[Opening Raw data section]
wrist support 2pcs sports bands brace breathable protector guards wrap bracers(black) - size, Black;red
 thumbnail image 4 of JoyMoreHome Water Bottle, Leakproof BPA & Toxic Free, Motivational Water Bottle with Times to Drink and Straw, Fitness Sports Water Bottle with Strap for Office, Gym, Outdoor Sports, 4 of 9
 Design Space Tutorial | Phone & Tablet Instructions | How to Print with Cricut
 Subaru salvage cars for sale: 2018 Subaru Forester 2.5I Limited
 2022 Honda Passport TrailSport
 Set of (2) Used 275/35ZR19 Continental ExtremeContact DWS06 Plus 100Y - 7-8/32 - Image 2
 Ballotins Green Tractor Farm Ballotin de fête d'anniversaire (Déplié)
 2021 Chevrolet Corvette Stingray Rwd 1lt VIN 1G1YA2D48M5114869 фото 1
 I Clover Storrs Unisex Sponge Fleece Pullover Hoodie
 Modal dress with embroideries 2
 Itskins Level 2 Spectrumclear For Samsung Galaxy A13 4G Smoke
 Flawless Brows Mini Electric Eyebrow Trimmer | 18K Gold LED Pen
[Closing Raw data section]
Starting at the first line of the entries above, please extract each line up to and including the line with "Itskins Level 2", unchanged, and add nothing.

> Response for this exercise
wrist support 2pcs sports bands brace breathable protector guards wrap bracers(black) - size, Black;red
 thumbnail image 4 of JoyMoreHome Water Bottle, Leakproof BPA & Toxic Free, Motivational Water Bottle with Times to Drink and Straw, Fitness Sports Water Bottle with Strap for Office, Gym, Outdoor Sports, 4 of 9
 Design Space Tutorial | Phone & Tablet Instructions | How to Print with Cricut
 Subaru salvage cars for sale: 2018 Subaru Forester 2.5I Limited
 2022 Honda Passport TrailSport
 Set of (2) Used 275/35ZR19 Continental ExtremeContact DWS06 Plus 100Y - 7-8/32 - Image 2
 Ballotins Green Tractor Farm Ballotin de fête d'anniversaire (Déplié)
 2021 Chevrolet Corvette Stingray Rwd 1lt VIN 1G1YA2D48M5114869 фото 1
 I Clover Storrs Unisex Sponge Fleece Pullover Hoodie
 Modal dress with embroideries 2
 Itskins Level 2 Spectrumclear For Samsung Galaxy A13 4G Smoke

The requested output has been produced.